While I was doing this, a flash of understanding arrived, and the acid-debugging process confirmed it. The failure never could happen from a single "cycle" through the buffer - it was an interaction between two successive cycles. There is an absolute limit of the quantity of data in the buffer, but the actual buckwrap point will always be smaller than this, and can happen at a range of values. The bug is triggered when on the first cycle, the buckwrap is set to a certain value, and on the next cycle, the inbuckp takes a value that is higher than the previous buckwrap, but still not high enough to trigger the wraparound test and cause buckwrap to be reset. The reader still sees the old buckwrap point, and resets itself to the start of the buffer without realizing it is a cycle behind. Once enough additional data is written, the inbuckp resets to the start of the buffer and a new buckwrap is set, and things sync up again.
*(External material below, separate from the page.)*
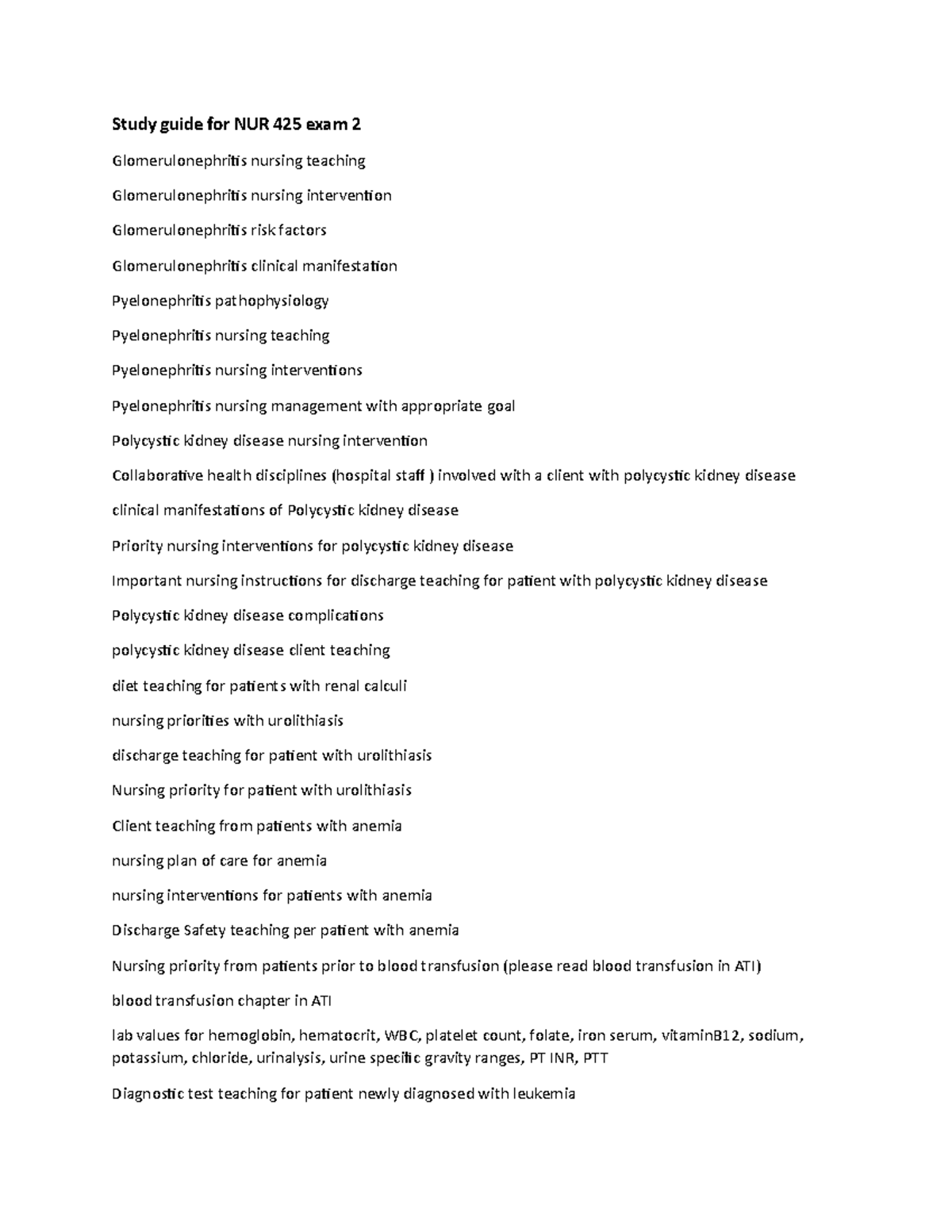 NUR 425 Exam 2 Study Guide: Key Nursing Interventions & Concepts - Studocu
So, the fix was very simple - in the wrsend function, adding a check and fix for this condition immediately after h->inbuckp += count;

if(h->inbuckp > h->buckwrap)
	h->buckwrap=h->inbuckp+1;

In further testing, this fixed the issue and I was happy to remove the "CHECK HERE FOR BUGS" comment from the code.

Hubfs status

Now that the corner-case wraparound bug and the uninterruptible-read annoyance have been fixed, there are no current known hubfs issues. There are still some "compromises" that result from the simplicity of the design, such as the inability to synchronize output between stdout and stderr when it is used for interactive shells, but within the current design parameters, everything functions correctly so far as my testing has been able to determine.

Recently, we started using hubfs as the backend for an irc-like service on the public grid, which I believe is a good demonstration of how it fits with the basic unix "toolbox" philosophy, as well as showing the strengths of using 9p fses to provide services.